Klaus Trumpf: Ein Kontrabass geht auf Reisen

Klaus Trumpf ist einer der führenden Solo Kontrabassisten und legt mit seinem Buch: „ein Kontrabass reist um die Welt“ ein spannendes Sammelsurium über sein Leben als Kontrabassist, Lehrer, Forscher, Reisender und Mensch dar. Aufgewachsen in Görlitz in einer musikalischen Familie, bestand für Klaus Trumpf keine Zweifel über seine Berufswahl und mit Begeisterung folgte er seinem Vater in den ehrenwerten Stand der Kontrabassisten. 1949 entstand die DDR und nach dem Mauerbau 1961 fühlte Klaus Trumpf die Enge der DDR. Sein Wissensdurst und sein Streben nach Austausch mit Gleichgesinnten standen diametral zur verknorzten Doktrin der herrschenden Regierung und mit manchem treffenden Satz karikiert Klaus Trumpf diese, im Nachhinein grotesk scheinenden Situationen. Doch damals, als Bürger dieses totalitären Staates, war es wohl kaum so amüsant wie es sich jetzt in dem schönen Buch liest. Man spürt zwischendurch sehr wohl den Angstschweiss, auch wenn man den als freier Schweizer nicht kennt.
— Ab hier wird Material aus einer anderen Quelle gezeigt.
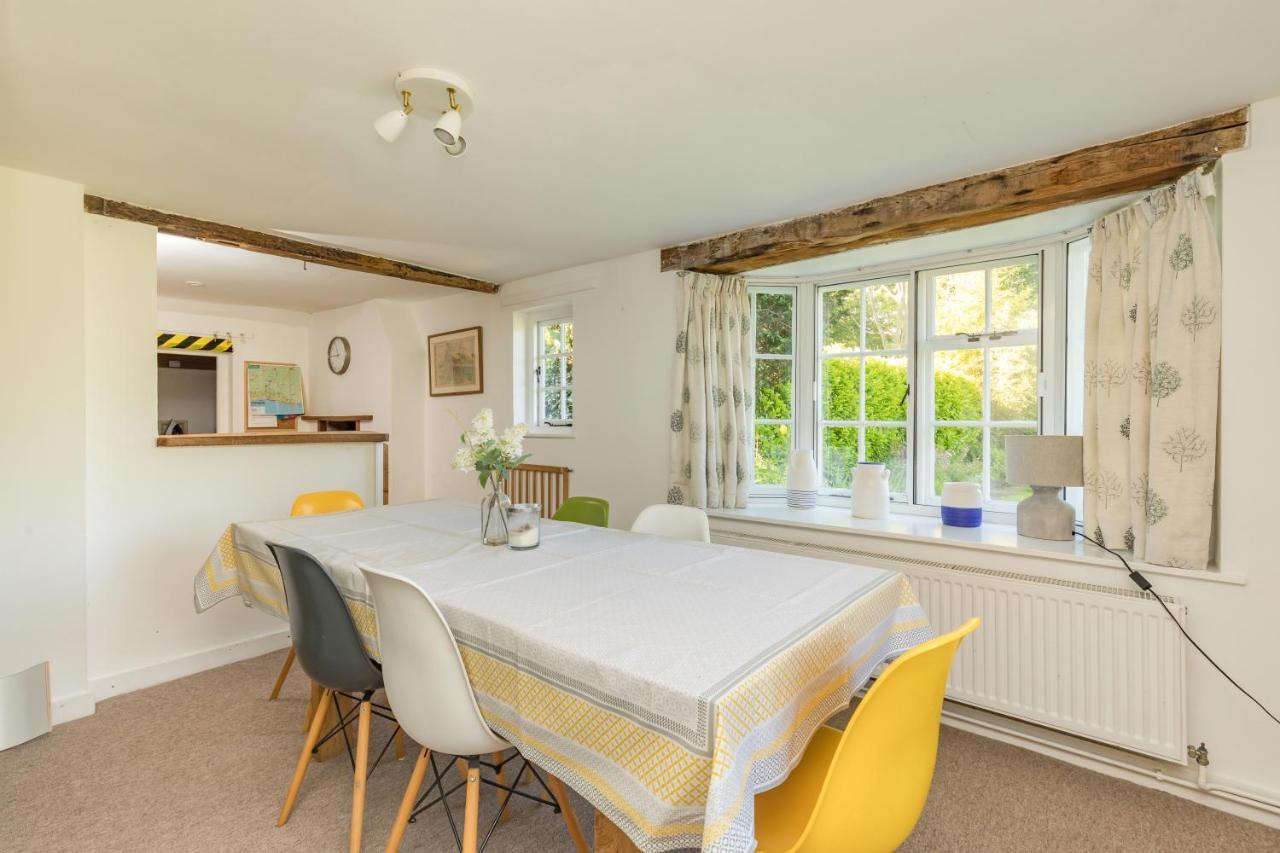 Danny Lodge - Country Cottage Near Brighton By Huluki Sussex Stays Hurstpierpoint ภายนอก รูปภาพ
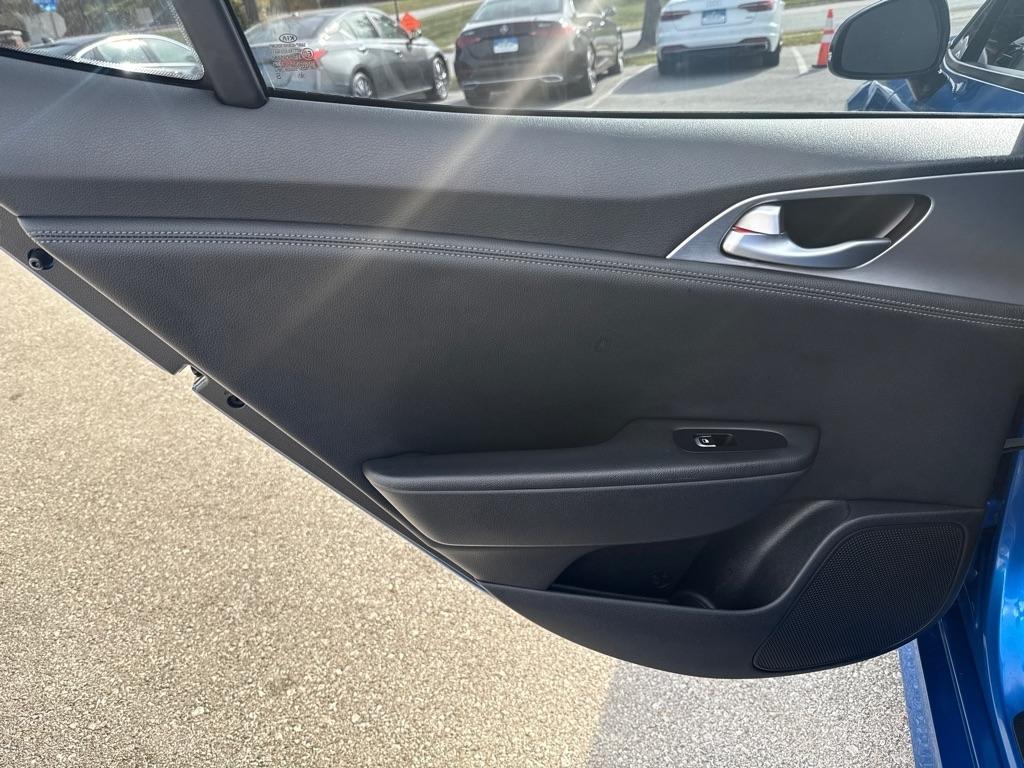 Kia Stinger  2019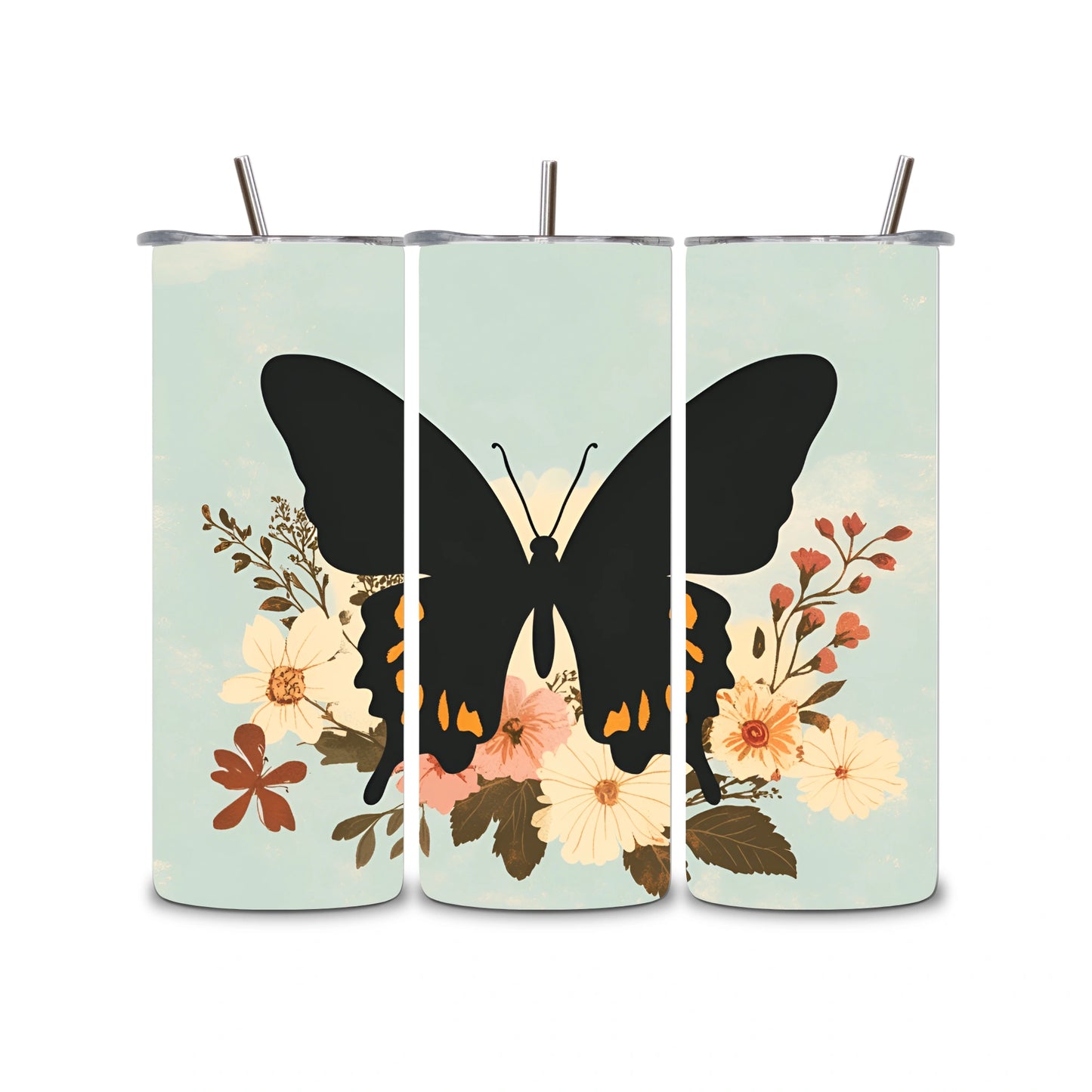 Butterflies #16 - 20oz Tumbler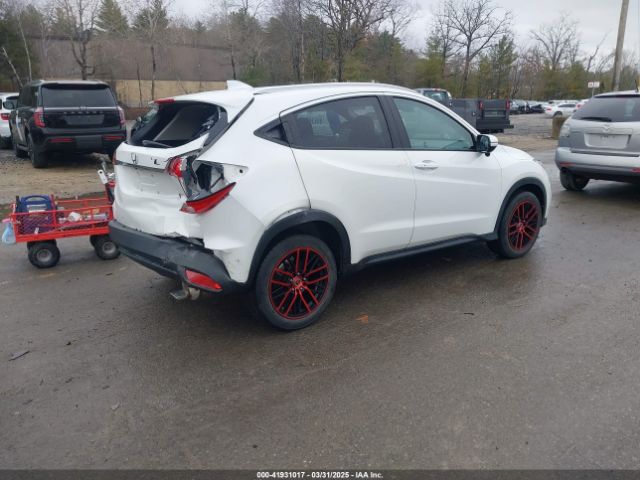 3CZRU6H50LM719016 Honda Hr-v Awd Ex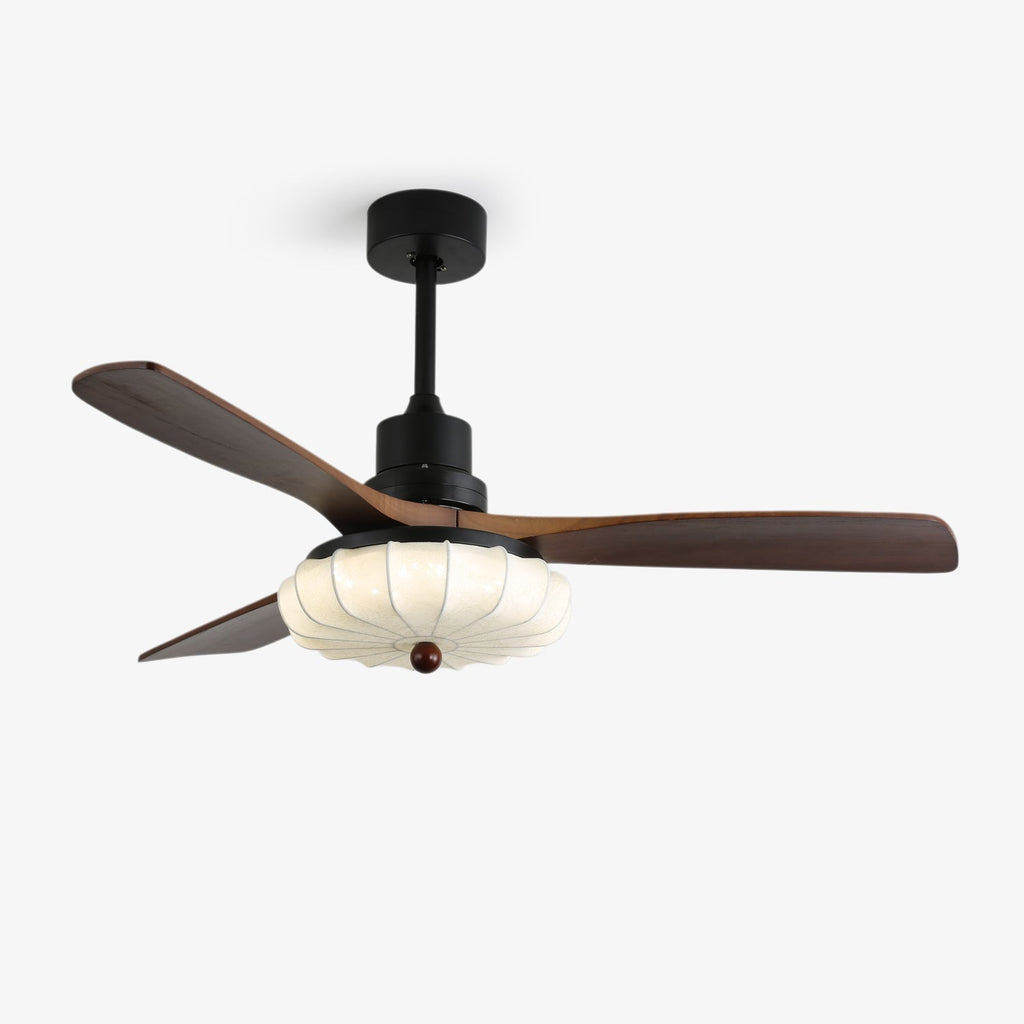 Plafonnier Ventilateur Ventra Vintage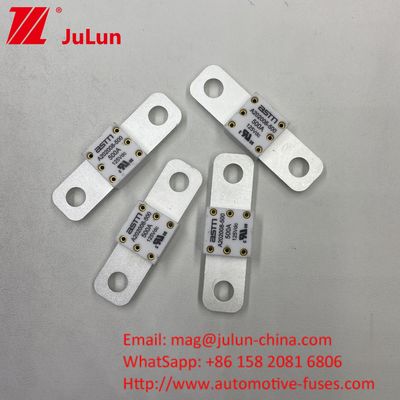 세라믹 및 금속 자동차 배터리 퓨즈 125VDC 300A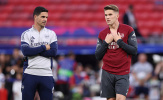 Bài học Gyokeres là lời cảnh báo cho Arsenal vụ Osimhen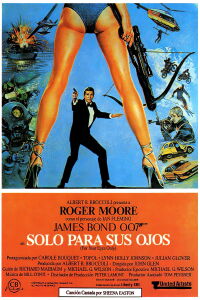 007: Sólo para tus ojos (1981)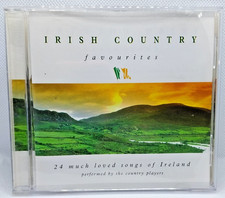 Country Players - Irish Country Favourites CD (2000) Audio Quality Guaranteed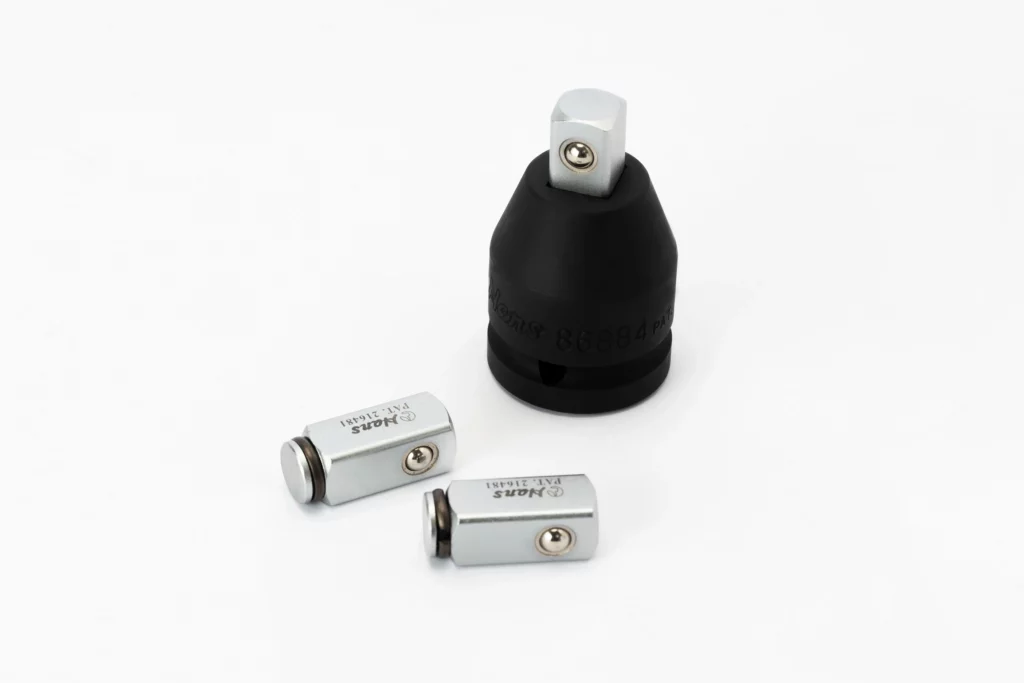 89606- Impact Socket Adaptor Set (6 PCs) 1 86884- ¾" Dr. Interchangeable Impact Socket Adaptor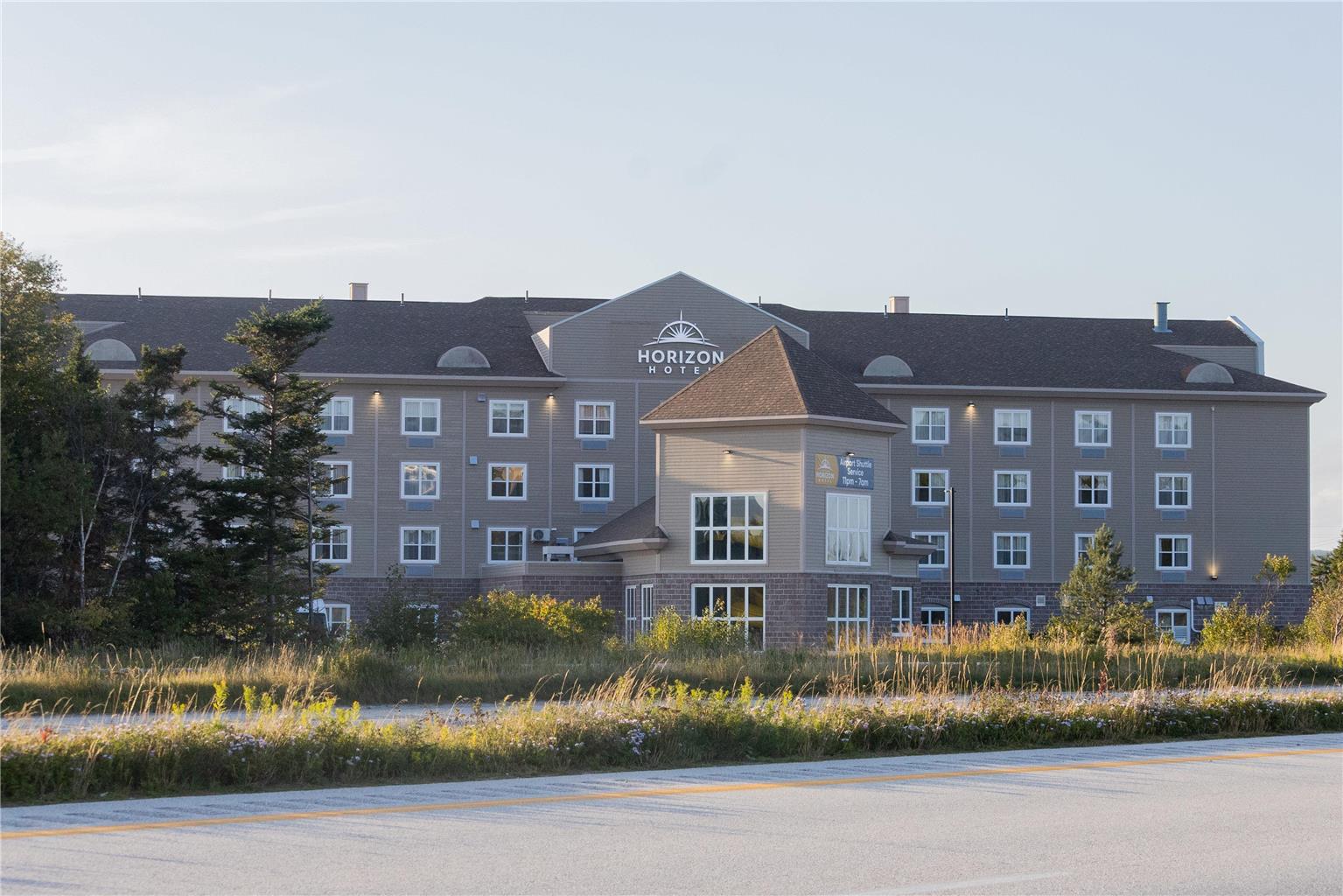 Deer Lake Horizon Hotel, BW Signature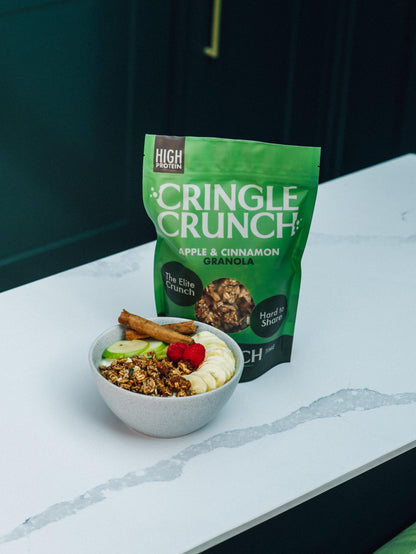 Apple & Cinnamon Granola 350g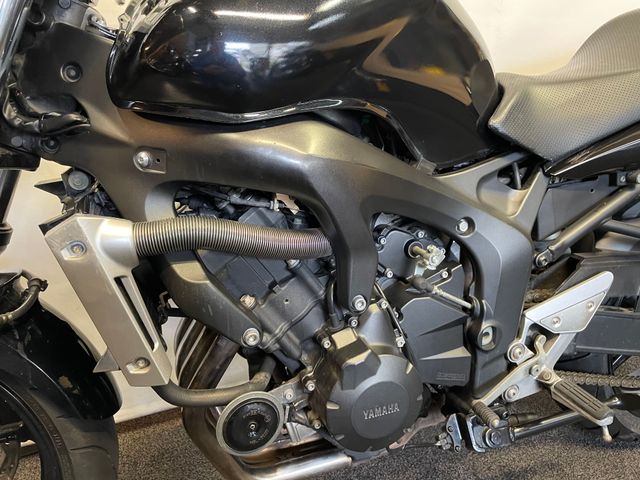 yamaha - fz-6
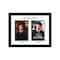 2 Opening 4" x 6" Then & Now Tabletop Frame, Graduation by Ashland®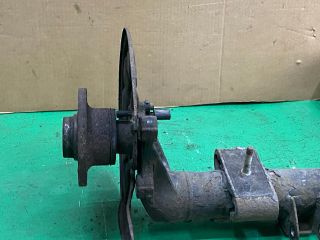 bontott VW CADDY Hátsó Híd (Tárcsafékes)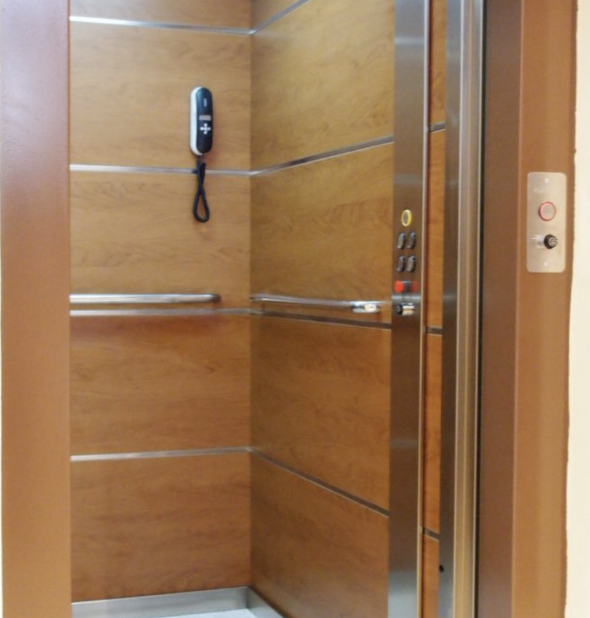 ASCENSOR UNIFAMILIAR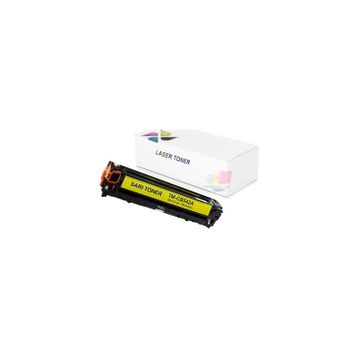 HP CE322A Siyah Muadil Toner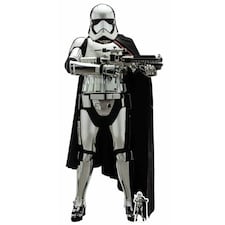 Star Wars The Last Jedi Captain Phasma Lifesize Cardboard Cutout 194cm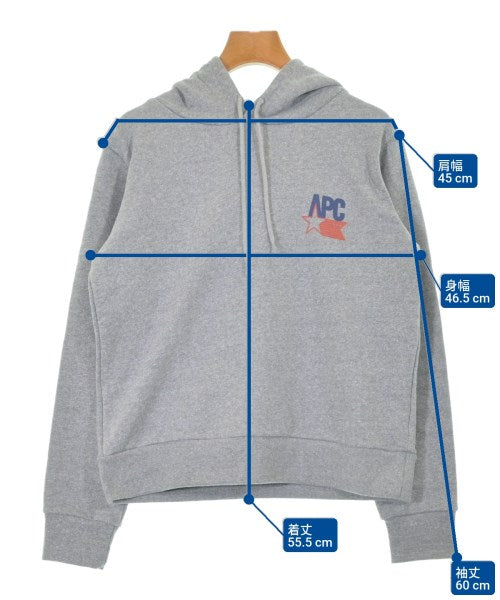 A.P.C. 連帽衫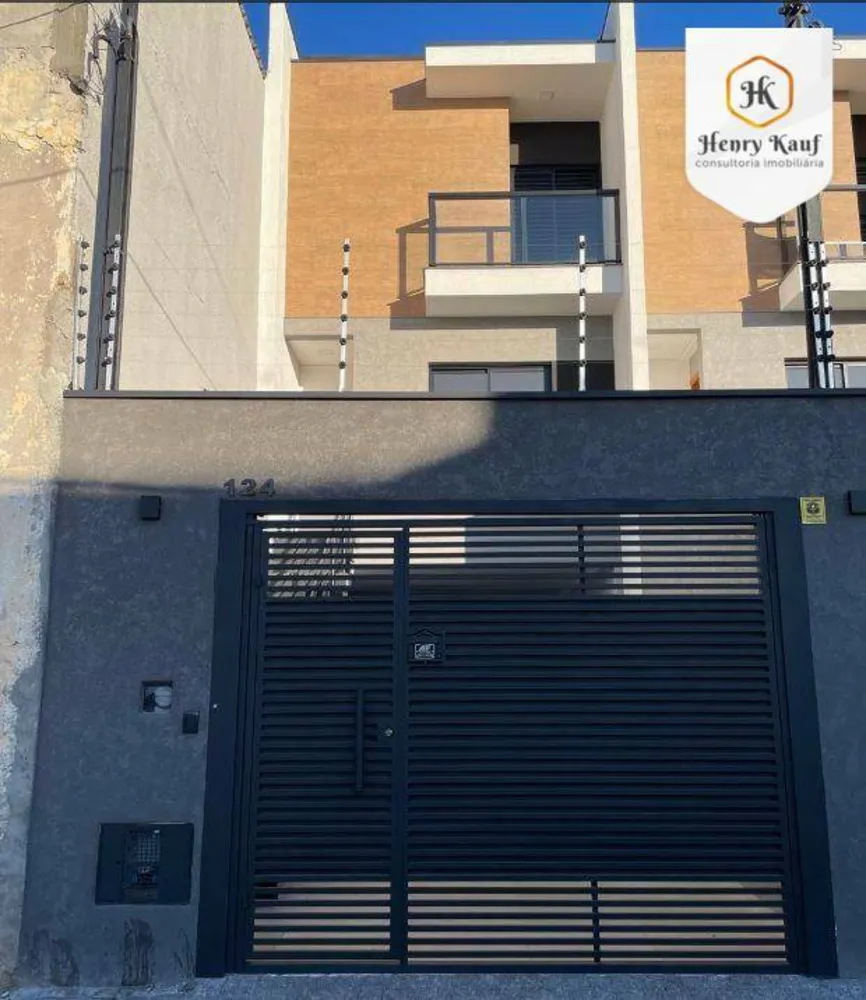 Sobrado, 2 quartos, 110 m² - Foto 7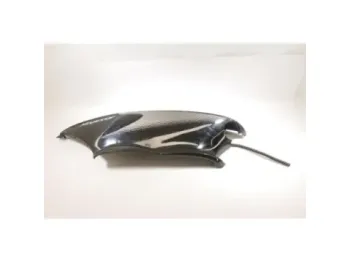 Coque arriere gauche YAMAHA YP 125 MAJESTY 2003 - 2006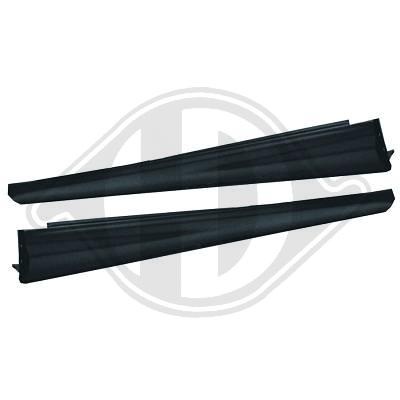 PRAGURI LATERALE MERCEDES W211 -COD 1615362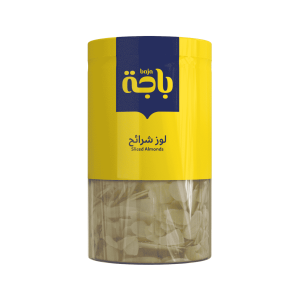 Sliced Raw Almond 150 g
Der Autor liess sich aber durch den engstirnigen Sozialismus die Lebensfreude nicht vergällen und fand mit seinem Schaffensdrang ein grosses Betätigungsfeld sowohl im Berliner Orchester wie auch im Schweriner Archiv mit dem Lebenswerk des bedeutenden Komponisten Johann Matthias Sperger ( 1750-1812 ) . Dieser bislang eher unbekannte Kontrabassist komponierte unzählige Werke, neben vielen Sinfonien auch einige Kontrabasskonzerte. Der gesamte Nachlass dieses fleissigen Komponisten nebst umfangreichem Notenmaterial anderer Meister lagerten hier und boten reichlich Gelegenheit zu ergiebigen und verdienstvollen Studien.

Mit viel Geduld und einer gehörigen Portion Mut schafft Klaus Trumpf es auch immer wieder, auf Reisen zu gehen. Was für uns völlig normal ist oder allerhöchstens eine Frage des Geldes, war in der DDR wohl nur einigen Wenigen vergönnt. So hinterlässt 1969 eine Reise nach Genf an den internationalen Kontrabasswettbewerb einen bleibenden Eindruck und den Wunsch, diese für die Entwicklung eines jeden Bassisten so wichtige Treffen auch in der DDR abzuhalten. 1973 schon lud man zum ersten internationalen Kontrabasstreffen nach Berlin. Die Organisation muss ungeheure Energien verschlungen haben. Groteske Entscheide mussten akzeptiert werden und doch liest sich die Gästeliste erlesen: Masahiko Tanaka mit Tonkassette, Horst Goltz, Alfred Planyavsky, Hans Fryba, Todor Toschev, Günter Klaus, Edward Krysta, Gonzales de Lara, Horst Butter, Gero Bodenstein und der unvergleichliche Lajos Montag, hier auf dem Foto gleich mit seinem Lieblingsbass, einem Grancino.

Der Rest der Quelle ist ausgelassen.